Na de zege van Camillus in 367 BCE moesten de Romeinen nog driemaal slag leveren met binnenvallende Kelten. In 361 BCE rukten deze strijders opnieuw op tot aan de Anio. De Romeinen benoemden Titus Quinctius Poenus tot dictator en gingen de strijd met de indringers aan. Die leverde volgens de Fasti Triumphales de dictator een triomftocht op. Bovendien zou een Romein genaamd Titus Manlius het cognomen Torquatus hebben verdiend door een Gallische krijger in een tweegevecht te verslaan en diens halsketen (torques) te roven. De verslagen Kelten trokken daarop richting Tibur, dat op opportunistische gronden een bondgenootschap met de indringers aanging. Daarna deden ze een inval in Campania, maar het jaar erop (dus in 360 BCE) waren ze terug in Latium en stroopten ze het Albaanse gebied en het territorium van Tusculum en Labici af. De Romeinen benoemden Quintus Servilius Ahala tot dictator en gingen niet ver van de Collijnse Poort de strijd met de Kelten aan. Na een bloederige strijd werden die teruggedreven richting Tibur, waar ze werden onderschept en vernietigd door de consul Gaius Poetelius.[10] Omdat Poetelius ook de Tiburtijnen had verslagen werd aan hem een dubbele triomftocht toegekend. Dictator Ahala zag, heel bescheiden, juist af van iedere vorm van eerbetoon.

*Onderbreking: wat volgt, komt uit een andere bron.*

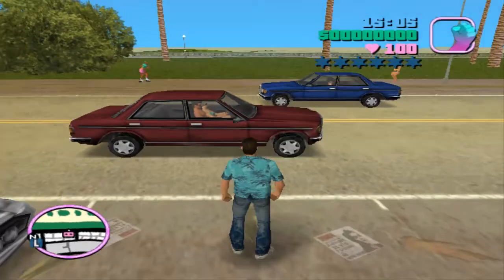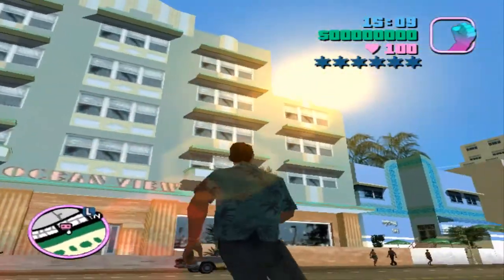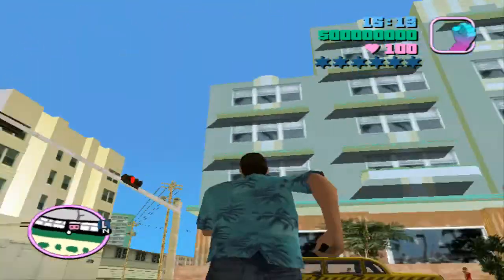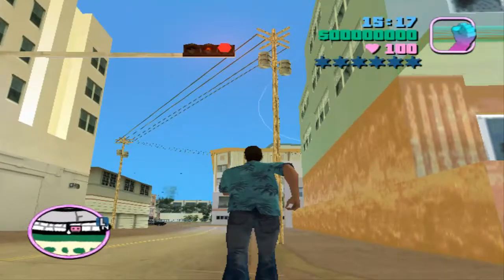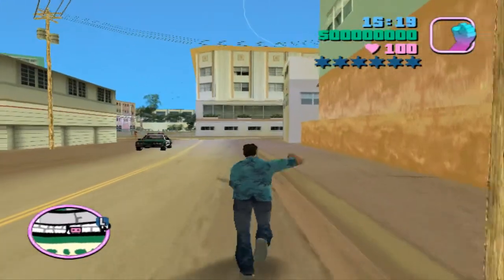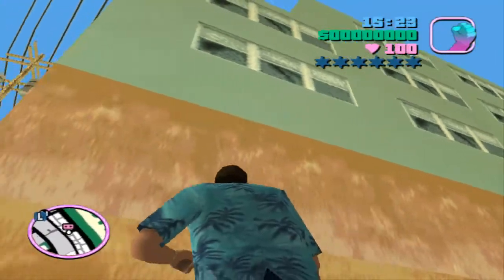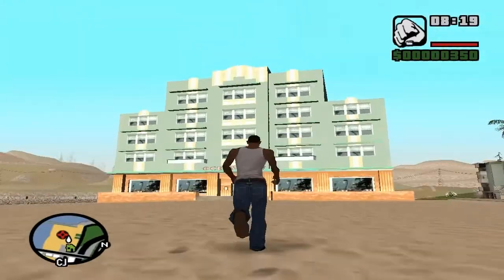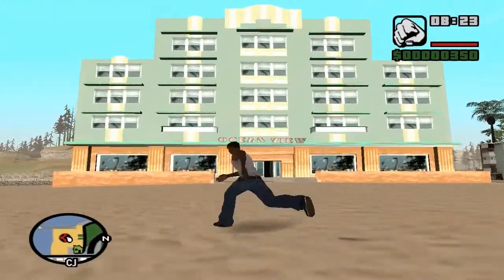Today I want to show you a new video tutorial on how to convert an object map from GTA Vice City to GTA San Andreas. Sorry for my bad English, but I am Italian and I speak English at a high level. Let's start.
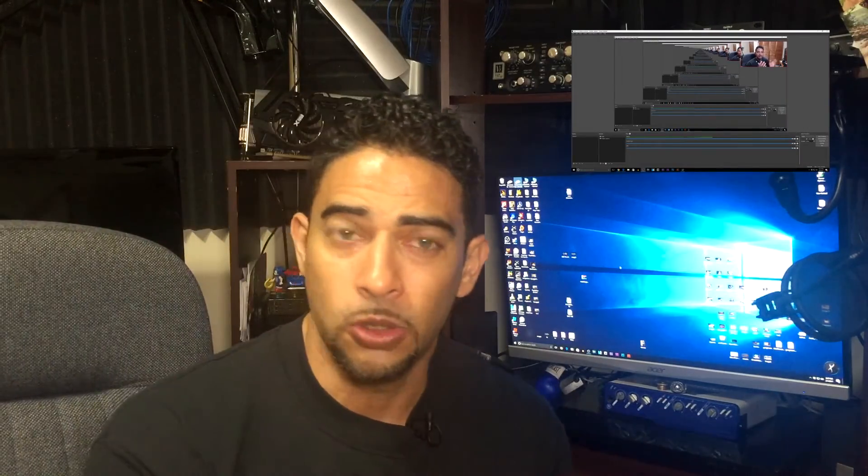Hey guys, what's up? Welcome to another Low Nose video. Today I'm going to show you how to set up and use your webcam as an overlay when recording your gameplay videos or doing tutorial videos.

In 358 BCE was er sprake van een nieuwe Keltische inval, waarbij de indringers het territorium van Praeneste en Pedum onveilig maakten. De Romeinen benoemden wederom een dictator en stelden Gaius Sulpicius in deze functie aan. Sulpicius ging de vijand tegemoet en opereerde daarbij zeer behoedzaam. Ook bedacht hij een slimme truc om zijn leger veel groter te laten lijken dan het daadwerkelijk was. De drijvers van de muilezels werden bewapend, op hun lastdieren gezet en met een honderdtal echte ruiters vermengd, zodat het net leek alsof het Romeinse leger over veel meer cavalerie beschikte dan in werkelijkheid het geval was. Tijdens het gevecht maakten de op een heuvel opgestelde drijvers een geweldig kabaal en bedreigden ze het vijandelijke kamp. De Kelten werden hevig in verwarring gebracht en uiteindelijk vernietigend verslagen. De dictator mocht een triomftocht houden en een grote hoeveelheid op de Kelten buitgemaakt goud in de tempel van Jupiter op de Capitolijn deponeren. “Na Marcus Furius [Camillus] is er nooit iemand geweest aan wie het vieren van een triomf over de Galliërs meer toekwam dan Gaius Sulpicius”, aldus Livius.[11]

Keltische versieringen voor het tuig van een paard.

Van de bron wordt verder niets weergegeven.